UNITED STATES COURT OF APPEALS

FOR THE DISTRICT OF COLUMBIA CIRCUIT

_______________________________________________________





No. xx-3033



_________________________________________________________



UNITED STATES OF AMERICA, Plaintiff-Appellee,



v.



xxxxxxxxxxxxxxxxx, Defendant-Appellant.



_____________________________________________





APPEAL FROM THE UNITED STATES DISTRICT COURT

FOR THE DISTRICT OF COLUMBIA

_____________________________________________





REPLY BRIEF FOR APPELLANT

xxxxxxxxxxxxxxxxxx

_____________________________________________



PRELIMINARY STATEMENT

As to matters not discussed herein, appellant relies on his opening brief.

SUMMARY OF ARGUMENT

The government wrongly argues that the court cannot review appellant's case unless he has shown "a fundamental defect which inherently results in a complete miscarriage of justice." Such a showing does not apply where, as here, the petitioner raises a question of constitutional error. Even if appellant had to meet the standard suggested by the government, a conviction and punishment for conduct which the law does not make criminal "inherently results in a complete miscarriage of justice." Davis v. United States, 417 U.S. 333, 346 (1974).

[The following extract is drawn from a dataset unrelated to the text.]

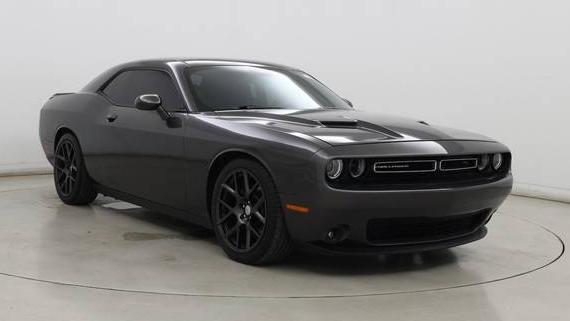 DODGE CHALLENGER 2016 2C3CDZBT5GH218345 image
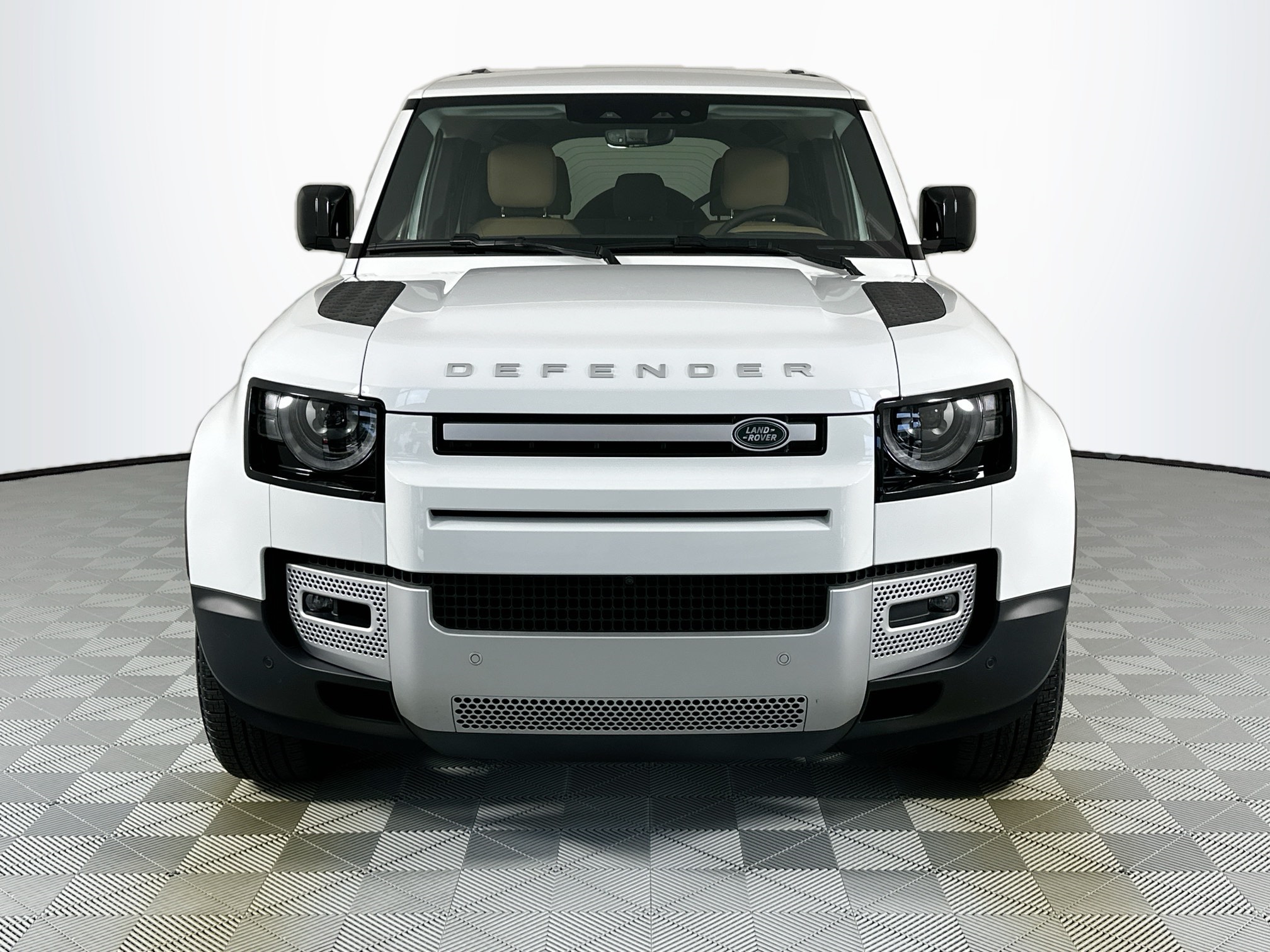 new 2025 Land Rover Defender 110 car, priced at $72,633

The government's complaint that appellant has not made a detailed argument showing "cause" for his failure to raise this issue previously should fail. Appellant was not given the opportunity to develop the record on his counsel's ineffective assistance because the district court denied his petition on the merits without holding an evidentiary hearing. Likewise, the government's complaint that appellant has not shown cause for defaulting on his ineffective assistance of counsel claim should fail because the government has waived this argument.

The fallacy of the government's central claim that a gun has been "used" within the meaning of the statute when it is "a means of exchange[,] regardless of which side of the transaction the gun is on" is demonstrated by the fact that "there is no grammatically correct way to express that a person receiving a payment is thereby 'using' the payment. United States v. Westmoreland, 122 F.3d 431, 436 (7th Cir. 1997). The government does not suggest any way to express its construction of the word "use."

The fact that the Supreme Court cited United States v. Harris, 959 F.2d 246 (D.C. Cir. 1991), cert. denied, 506 U.S. 932 (1992), in Smith v. United States, 508 U.S. 223 (1993), as evidence of a circuit split without distinguishing between the facts of the two cases is of no consequence to the determination whether one has "used" a gun by receiving it as payment. Harris, which held that the defendants used the gun by receiving it because it "facilitated" the underlying crime by "emboldening" the defendants, is not valid after the Supreme Court's decision in Bailey v. United States, 516 U.S. 137 (1995). Furthermore, the Supreme Court decided only one question in Smith: "[W]hether the barter of a gun for drugs was a 'use.'" This case presents a different question.

ARGUMENT

THE DISTRICT COURT ERRED BY DENYING APPELLANT'S MOTION PURSUANT TO 28 U.S.C. 2255 WHERE APPELLANT WAS INNOCENT OF "USING" A FIREARM FOR PURPOSES OF 18 U.S.C. 924(c) IN LIGHT OF BAILEY V. UNITED STATES, 516 U.S. 137 (1995).

A. Standard of Review.

The government seeks to impose a higher burden of proof on appellant than the Supreme Court has imposed. According to the government's formulation, to gain review on collateral attack, a petitioner must show "'a fundamental defect which inherently results in a complete miscarriage of justice," or 'an omission inconsistent with the rudimentary demands of fair procedure.'" (Government's Brief at 9-10, quoting United States v. Pollard, 959 F.2d 1011, 1020 (D.C. Cir.), cert. denied, 506 U.S. 915 (1992)). The government's formulation is wrong.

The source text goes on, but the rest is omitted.